James was a good guy. I wish somebody could have been him, and that he could still be out and about in the world. But he wasn’t me, and I couldn’t pretend anymore.
At 10:11am on July 16th, 2020, James was declared legally dead.
Everyone who knew him is so preoccupied with being happy for me and my big step forward that there’s nobody there to mourn or remember him. Except me.
***
I told all this to my therapist last night, hours after the hearing concluded.
“What would you say to him now, if you could?”
“I’m sorry.”
“Can you elaborate on that?”
I couldn’t. I choked on my own words. We talked around it until the session was over. Then I started sobbing.
***
The first day after a death, the new absence
Is always the same
***
I’ve been keeping vigil since last night.
Tomorrow, I’m going to celebrate being, finally, legally, Bridget. I’m going to put some fresh holes in my ear, then come home, eat pizza with the love of my life, and then spend time with my friends. (Via Zoom, obviously.
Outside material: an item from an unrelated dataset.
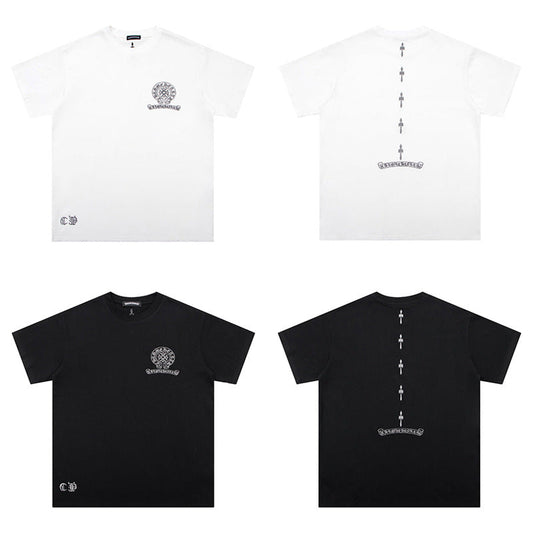 Chrome Heart T Shirts Cross Color Printed Short Sleeve T-Shirt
We’re still in a pandemic.)
Today, I’m going to bury the dead.
***
I’m sorry, James.
I’m sorry I didn’t love being you. Someone could have, and should have, and I’m sorry it wasn’t me.
I’m sorry you didn’t feel safe for much of your life. I’m sorry you had to come out of a family where your vulnerabilities were punished or exploited. I’m sorry for every person who made you hide in the bathroom for hours at a time so that no one would see you cry.
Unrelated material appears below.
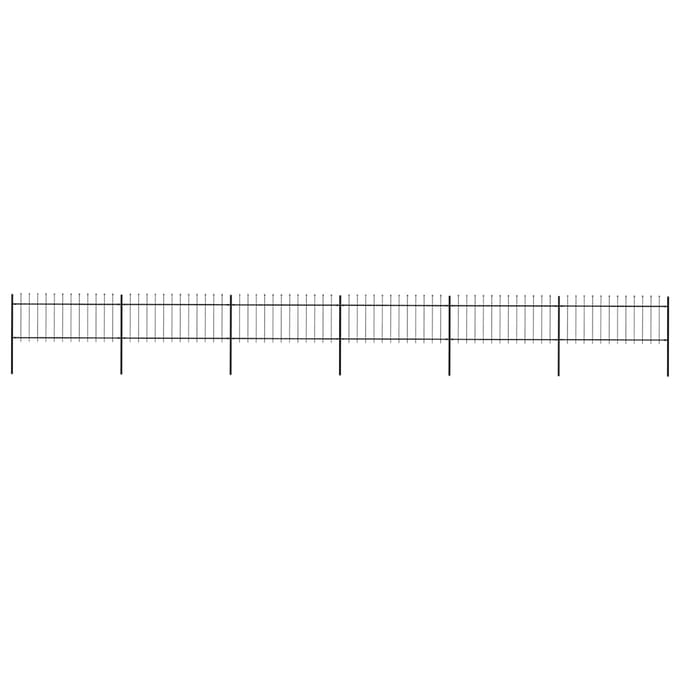 vidaXL - Tuinhek - met - speerpunt - staal - 1005x80 - cm - zwart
I’m sorry you were ever made to feel like you were never enough.
I’m sorry that made you never trust anyone when they told you they loved you. I’m sorry you didn’t let yourself start to believe those people until it was almost too late.
I’m sorry we couldn’t figure out an escape plan together. I’m sorry you never got to be the hero of your own story.
I’m sorry you couldn’t see yourself the way others saw you.
I’m sorry you won’t have a funeral, but I promise you that someone will mourn you.
I promise you that I’ll always remember.